[Numpy-discussion] using loadtxt to load a text file in to a numpy array

Thu Jan 16 05:43:05 EST 2014

On Wed, Jan 15, 2014 at 11:40:58AM -0800, Chris Barker wrote:
> On Wed, Jan 15, 2014 at 9:57 AM, Charles R Harris <charlesr.harris at gmail.com
> > wrote:
> 
> 
> > There was a discussion of this long ago and UCS-4 was chosen as the numpy
> > standard. There are just too many complications that arise in supporting
> > both.
> >
> 
> fair enough -- but loadtxt appears to be broken just the same. Any
> proposals for that?
> 
> My proposal:
> 
> loadtxt accepts an encoding argument.
> 
> default is ascii -- that's what it's doing now, anyway, yes?

No it's loading the file reading a line, encoding the line with latin-1, and
then putting the repr of the resulting byte-string as a unicode string into a
UCS-4 array (dtype='<Ux'). I can't see any good reason for that behaviour.

> 
> If the file is encoded ascii, then a one-byte-per character dtype is used
> for text data, unless the user specifies otherwise (do they need to specify
> anyway?)
> 
> If the file has another encoding, the the default dtype for text is unicode.

That's a silly idea. There's already the dtype='S' for ascii that will give
one byte per character.

However numpy.loadtxt(dtype='S') doesn't actually use ascii IIUC. It loads
the file as text with the default system encoding, encodes the text with
latin-1 and stores the resulting bytes into a dtype='S' array. I think it
should just open the file in binary read the bytes and store them in the
dtype='S' array. The current behaviour strikes me as a hangover from the
Python 2.x 8-bit text model.

> Not sure about other one-byte per character encodings (e.g. latin-1)
> 
> The defaults may be moot, if the loadtxt doesn't have auto-detection of
> text in a filie anyway.
> 
> This all required that there be an obvious way for the user to spell the
> one-byte-per character dtype -- I think 'S' will do it.

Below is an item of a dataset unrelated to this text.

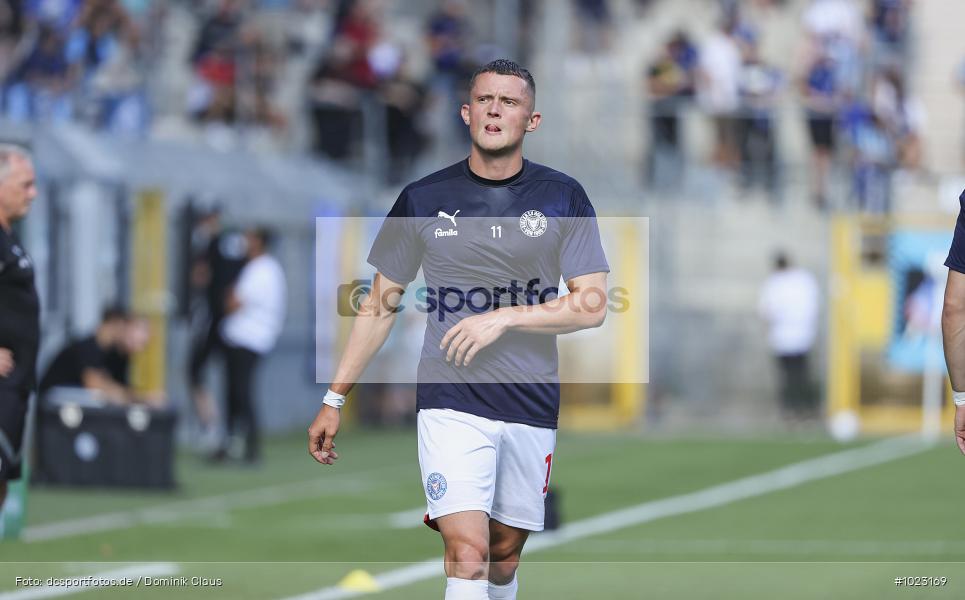 Holstein Kiel, SV Waldhof Mannheim, Pokal, DFB-Pokal, Voetball, Sport, Le Football, Germany, Futbol, Fotball, Fussball, Deutschland, DFL, DFB, Calcio, 2022/23, Saison 2022/2023 - Bild-ID: 1023169 Holstein Kiel, SV Waldhof Mannheim, Pokal, DFB-Pokal, Voetball, Sport, Le Football, Germany, Futbol, Fotball, Fussball, Deutschland, DFL, DFB, Calcio, 2022/23, Saison 2022/2023 - Bild-ID: 1023169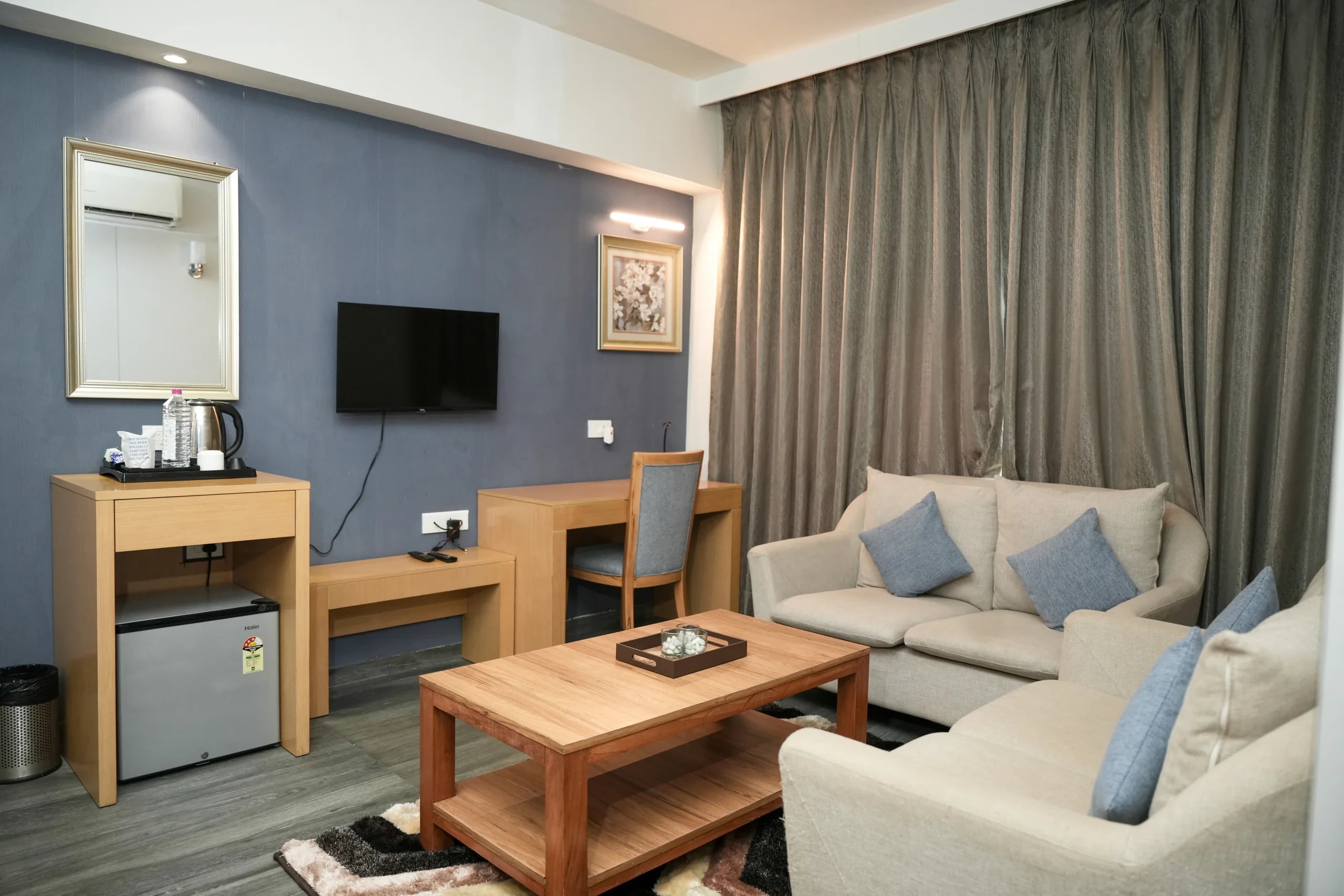 Suite Room at Hotel The Scorpion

They should use 'S' and not encoding='ascii'. If the user provides an encoding
then it should be used to open the file and decode it to unicode resulting in
a dtype='U' array. (Python 3 handles this all for you).

> Note to OP: what happens if you specify 'S' for your dtype, rather than str
> - it works for me on py2:
> 
> In [16]: np.loadtxt('pathlist.txt', dtype='S')
> Out[16]:
> array(['C:\\Users\\Documents\\Project\\mytextfile1.txt',
>        'C:\\Users\\Documents\\Project\\mytextfile2.txt',
>        'C:\\Users\\Documents\\Project\\mytextfile3.txt'],
>       dtype='|S42')

It only seems to work because you're using ascii data. On Py3 you'll have byte
strings corresponding to the text in the file encoded as latin-1 (regardless
of the encoding used in the file). loadtxt doesn't open the file in binary or
specify an encoding so the file will be opened with the system default
encoding as determined by the standard builtins.open. The resulting text is
decoded according to that encoding and then reencoded as latin-1 which will
corrupt the binary form of the data if the system encoding is not compatible
with latin-1 (e.g. ascii and latin-1 will work but utf-8 will not).

> 
> Note: this leaves us with what to pass back to the user when they index
> into an array of type 'S*' -- a bytes object or a unicode object (decoded
> as ascii). I think a unicode object, in keeping with proper py3 behavior.
> This would be like we currently do with, say floating point numbers:
> 
> We can store/operate with 32 bit floats, but when you pass it back as a
> python type, you get the native python float -- 64bit.
> 
> NOTE: another option is to use latin-1 all around, rather than ascii -- you
> may get garbage from the higher value bytes, but it won't barf on you.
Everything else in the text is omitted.